Does Passion Lead to Your Life’s Work, or Is It the Other Way Around?

Three truths I discovered about the myth of finding your passion

Photo by Maike und Björn Bröskamp from Pixabay

Follow your passion! Let it lead you to your life’s work.

That’s the message. And it’s been repeated by authors, bloggers, and career gurus ad-infinitum. But it comes without a warning — and it definitely needs one!

In 1987, Marsha Sinetar’s book told us to Do What You Love, And The Money Will Follow.

At the time, I’d just ended a fourteen-year career with a large corporation and I was looking for my next challenge. Her book appeared to be a godsend.

There was just one problem:

I didn’t know what I wanted to do.

Not because I didn’t have a penchant or inclination for a particular activity. Just the opposite. I had too many interests. Too many passions.

And now, it was time to make a choice — time to get serious. I was in my mid-thirties, and the years were passing. I had to get it right. I couldn’t afford to waste more time with false starts and trial jobs that weren’t right for me.

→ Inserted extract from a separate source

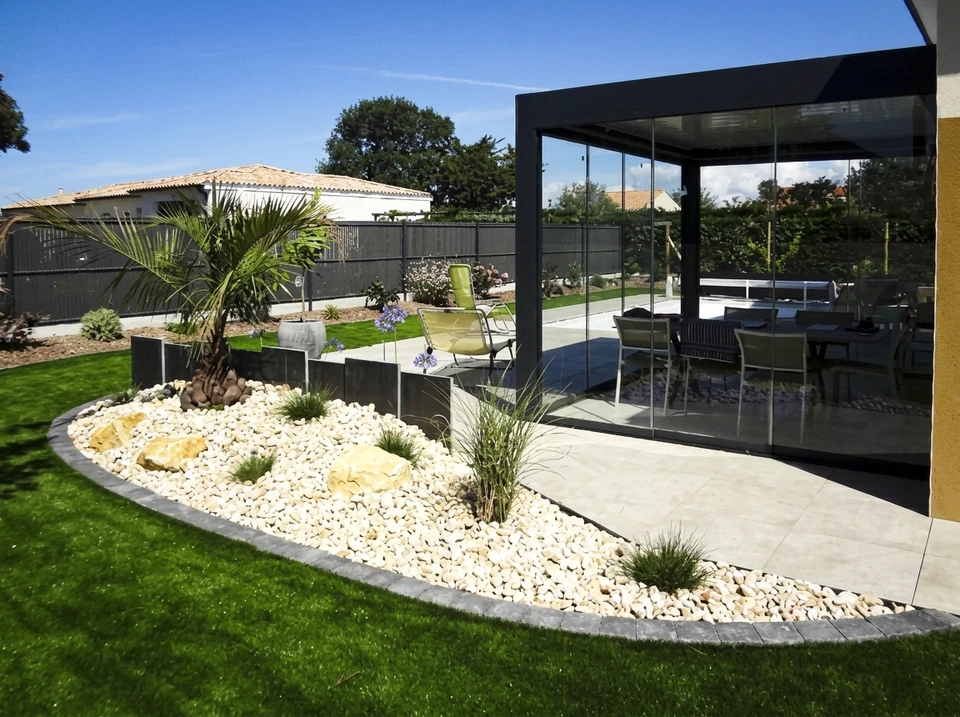 Terrasse extérieure dallée en ardoise grise, clôturée par des panneaux composites WPC (Wood Plastic Composite) à lames horizontales, teinte teck clair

There was something else bothering me: the consequences of a wrong choice.

If I made a mistake, what price would I pay for ignoring my inner voice?

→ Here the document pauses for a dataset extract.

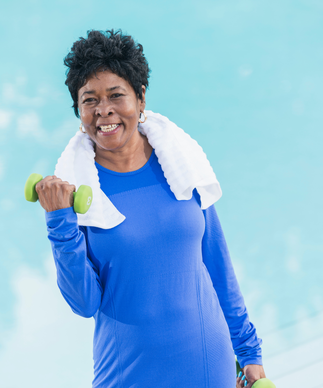 Smiling older Black woman in a blue shirt with a towel around her neck holding green dumbells.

According to the career gurus of the time, intentionally disregarding my dream of doing inspiring, rewarding work would resign me to another soul-sucking desk job — just another worker-drone destined to live a life without meaning, accomplishment, or hope.

So I read every page of Senitar’s book, deliberating over each thought, each point. I took notes. Like a loyal parishioner, I devoured every word originating from this new guru who dared preach the holy message of career liberation.

Because I wanted to believe.

I desperately wanted to learn the secret, the hidden code, the short-cut to finding exactly what I was supposed to do with my life.

Supposedly, following your passion is an act of independence, of liberating self-rule, of asserting your wants and needs over that of the enslaving employer.

In a larger sense, pursuing a personal passion means striking out on your own — leaving the crowd behind in deference to your own interests and aspirations.

And that’s where it gets tricky.

The word “passion” is congruent with only the highest callings.

You seldom hear anyone say their passion is to work for the city as a water meter reader, or to ride on the back-end of a trash collection truck.

Passion brings to mind a choice of vocation that is organic, originating from a soul-deep desire to do work that is more calling than obligation — with the implication that doing anything else would be to live a lesser life, plagued by frustration and quiet desperation.

We typically associate the idea of passion with those who know what they are meant to do from a very early age. These are the artists, photographers, dancers, singers, actors, musicians and writers, who would never consider doing anything else.

Some are driven to live life on the edge, craving the competition inherent in professional sports. Others yearn for a career that places them in the limelight, opting for the stage, the silver screen, or a place of influence in shaping public opinion.

For them, there is no other option.

But what about the rest of us? Where do we look for clues? What options do we consider?

Sinetar’s advice was motivating, but lacked specific direction.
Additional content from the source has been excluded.